Apple is unlikely to follow Google into app streaming unless the model gains significant traction with consumers, forcing its hand, analysts said on Monday.
"It's clear why Google is doing this," said Jan Dawson, principal analyst at Jackdaw Research, in an interview. "One reason why it's investing so heavily in app indexing, and now streaming, is that it reasserts the dominance of the Web and search. But that doesn't apply to Apple. Having said that, when someone goes first, then Apple may follow suit. And Apple's not against being later to market rather than first."

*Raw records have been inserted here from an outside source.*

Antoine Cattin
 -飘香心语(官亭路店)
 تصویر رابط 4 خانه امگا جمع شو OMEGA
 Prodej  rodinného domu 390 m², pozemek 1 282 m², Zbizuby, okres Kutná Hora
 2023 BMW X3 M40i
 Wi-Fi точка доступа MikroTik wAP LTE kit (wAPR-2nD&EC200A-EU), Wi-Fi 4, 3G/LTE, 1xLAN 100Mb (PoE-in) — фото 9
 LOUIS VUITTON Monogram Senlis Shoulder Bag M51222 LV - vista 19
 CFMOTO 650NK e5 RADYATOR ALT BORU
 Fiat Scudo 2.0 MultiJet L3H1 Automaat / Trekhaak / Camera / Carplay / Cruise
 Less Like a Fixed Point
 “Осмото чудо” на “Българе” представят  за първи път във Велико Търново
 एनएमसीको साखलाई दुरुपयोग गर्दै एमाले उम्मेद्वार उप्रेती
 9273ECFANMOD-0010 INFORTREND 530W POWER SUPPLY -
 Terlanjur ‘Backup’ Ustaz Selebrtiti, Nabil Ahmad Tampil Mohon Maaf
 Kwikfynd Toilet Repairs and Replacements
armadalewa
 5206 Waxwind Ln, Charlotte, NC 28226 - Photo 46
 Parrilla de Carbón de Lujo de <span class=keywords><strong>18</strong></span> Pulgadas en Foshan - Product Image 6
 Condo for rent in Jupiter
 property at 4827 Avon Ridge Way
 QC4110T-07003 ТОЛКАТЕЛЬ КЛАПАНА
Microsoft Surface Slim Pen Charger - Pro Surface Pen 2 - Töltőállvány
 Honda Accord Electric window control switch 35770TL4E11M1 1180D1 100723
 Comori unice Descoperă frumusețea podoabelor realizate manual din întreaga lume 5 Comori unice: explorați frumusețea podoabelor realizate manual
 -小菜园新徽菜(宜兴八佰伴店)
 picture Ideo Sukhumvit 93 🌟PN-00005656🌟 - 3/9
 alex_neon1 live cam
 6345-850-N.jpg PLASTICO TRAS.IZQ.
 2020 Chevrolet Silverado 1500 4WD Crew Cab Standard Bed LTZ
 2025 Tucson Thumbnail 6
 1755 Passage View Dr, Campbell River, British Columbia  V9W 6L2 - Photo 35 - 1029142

Dawson was referring to Google's announcement last week of streaming a small number of apps from search results pages. When users search using the Google app on recent editions of Android, they may see links to content available only in mobile apps like those from Hotel Tonight, The Weather Channel and Chimani. If the app is not already installed on the device, users can stream the app -- Google runs the app in a virtualized environment on its servers, pushing the results to users with a strong Wi-Fi connection -- to get the content in the app's user interface (UI).
Another step in Google's two-year project of indexing in-app content -- and as Dawson noted, part of the Mountain View, Calif. company's long-range attempt to keep people on the Web, where search can be monetized -- the streaming model has been widely seen as having the potential to upend how apps are delivered.
Where currently it's necessary to install an app to get to its content, even for a one-off look, streaming would surface content through search, then stream the app and its content to a device temporarily. It's similar to the difference between downloading a track or album from, say, iTunes, and streaming the same music through an on-demand service like Spotify or Apple Music.
Some have forecast that, assuming app streaming takes off, Google could lower the walls that now not only separate the at-large Web and the various app ecosystems, but also barriers that blockade each ecosystem from its rivals, giving users access to apps they never have installed, and probably never would.
What's to prevent Google from streaming iOS apps, for example, some have asked.
"If Google is already indexing both iOS and Android apps, and can stream apps (at scale) from virtual machines running in their cloud, what stops them from streaming iOS apps to Android users (or vice versa)?" wondered Sameer Singh, an analyst whose musings appear on Tech-Thoughts, in a piece published Thursday.